:: Given records ::
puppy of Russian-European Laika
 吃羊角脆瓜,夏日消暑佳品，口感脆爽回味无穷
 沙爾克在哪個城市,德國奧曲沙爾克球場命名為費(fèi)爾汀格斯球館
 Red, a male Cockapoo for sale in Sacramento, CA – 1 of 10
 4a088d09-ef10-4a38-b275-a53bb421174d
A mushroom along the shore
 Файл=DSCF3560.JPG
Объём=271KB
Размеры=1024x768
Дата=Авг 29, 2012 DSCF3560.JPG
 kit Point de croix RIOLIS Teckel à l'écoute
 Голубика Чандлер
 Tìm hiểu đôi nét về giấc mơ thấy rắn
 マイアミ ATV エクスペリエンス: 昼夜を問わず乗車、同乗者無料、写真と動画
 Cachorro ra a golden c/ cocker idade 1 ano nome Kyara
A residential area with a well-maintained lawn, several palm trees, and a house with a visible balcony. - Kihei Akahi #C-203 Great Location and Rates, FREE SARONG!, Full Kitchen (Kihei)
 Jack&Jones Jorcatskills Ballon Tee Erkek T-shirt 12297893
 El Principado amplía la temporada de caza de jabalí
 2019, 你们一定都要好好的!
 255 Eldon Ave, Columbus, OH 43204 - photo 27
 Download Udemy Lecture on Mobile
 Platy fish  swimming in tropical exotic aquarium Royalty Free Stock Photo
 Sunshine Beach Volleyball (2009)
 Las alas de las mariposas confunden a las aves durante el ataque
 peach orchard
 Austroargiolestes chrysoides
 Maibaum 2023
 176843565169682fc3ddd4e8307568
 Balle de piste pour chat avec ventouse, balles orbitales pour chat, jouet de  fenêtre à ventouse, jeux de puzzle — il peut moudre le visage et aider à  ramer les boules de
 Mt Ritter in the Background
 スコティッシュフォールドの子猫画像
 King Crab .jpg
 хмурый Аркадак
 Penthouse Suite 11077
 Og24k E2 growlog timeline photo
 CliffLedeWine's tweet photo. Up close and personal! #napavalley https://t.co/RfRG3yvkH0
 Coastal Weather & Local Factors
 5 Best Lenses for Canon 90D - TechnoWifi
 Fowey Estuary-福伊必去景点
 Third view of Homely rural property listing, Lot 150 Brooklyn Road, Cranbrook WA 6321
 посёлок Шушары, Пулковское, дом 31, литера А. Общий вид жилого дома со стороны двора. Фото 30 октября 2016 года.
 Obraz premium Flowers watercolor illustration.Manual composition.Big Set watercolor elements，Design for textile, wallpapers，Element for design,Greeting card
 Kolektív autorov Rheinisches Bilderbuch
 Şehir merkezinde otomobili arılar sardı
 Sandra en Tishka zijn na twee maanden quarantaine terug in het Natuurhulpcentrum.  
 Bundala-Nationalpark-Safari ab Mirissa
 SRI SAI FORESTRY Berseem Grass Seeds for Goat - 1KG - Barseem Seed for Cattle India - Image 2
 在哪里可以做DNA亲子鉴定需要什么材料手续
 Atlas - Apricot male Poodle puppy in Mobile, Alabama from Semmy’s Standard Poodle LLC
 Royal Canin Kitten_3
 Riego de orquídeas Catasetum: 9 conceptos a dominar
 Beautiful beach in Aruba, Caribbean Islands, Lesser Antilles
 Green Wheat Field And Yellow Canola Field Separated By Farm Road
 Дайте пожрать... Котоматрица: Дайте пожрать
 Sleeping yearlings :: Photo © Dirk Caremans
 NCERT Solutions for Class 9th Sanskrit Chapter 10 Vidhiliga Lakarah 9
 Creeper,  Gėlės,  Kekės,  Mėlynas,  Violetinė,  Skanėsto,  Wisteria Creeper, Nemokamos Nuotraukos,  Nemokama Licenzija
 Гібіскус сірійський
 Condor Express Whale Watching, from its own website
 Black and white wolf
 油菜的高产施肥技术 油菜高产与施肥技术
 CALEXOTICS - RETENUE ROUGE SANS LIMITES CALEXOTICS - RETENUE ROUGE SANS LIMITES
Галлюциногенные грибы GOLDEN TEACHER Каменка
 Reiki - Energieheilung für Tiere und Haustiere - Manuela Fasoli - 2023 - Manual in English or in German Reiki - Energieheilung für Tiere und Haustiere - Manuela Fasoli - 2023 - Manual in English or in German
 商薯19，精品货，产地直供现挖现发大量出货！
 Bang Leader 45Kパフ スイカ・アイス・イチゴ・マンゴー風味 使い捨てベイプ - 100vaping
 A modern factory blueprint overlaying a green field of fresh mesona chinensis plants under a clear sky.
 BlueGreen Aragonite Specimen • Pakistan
:::
__What you will do__: All lines above from the line with "Jack&Jones Jorcatskills Ballon" through the line with "176843565169682fc3ddd4e8307568", both included, are to be set down exactly, with nothing else.

__Result__:
 Jack&Jones Jorcatskills Ballon Tee Erkek T-shirt 12297893
 El Principado amplía la temporada de caza de jabalí
 2019, 你们一定都要好好的!
 255 Eldon Ave, Columbus, OH 43204 - photo 27
 Download Udemy Lecture on Mobile
 Platy fish  swimming in tropical exotic aquarium Royalty Free Stock Photo
 Sunshine Beach Volleyball (2009)
 Las alas de las mariposas confunden a las aves durante el ataque
 peach orchard
 Austroargiolestes chrysoides
 Maibaum 2023
 176843565169682fc3ddd4e8307568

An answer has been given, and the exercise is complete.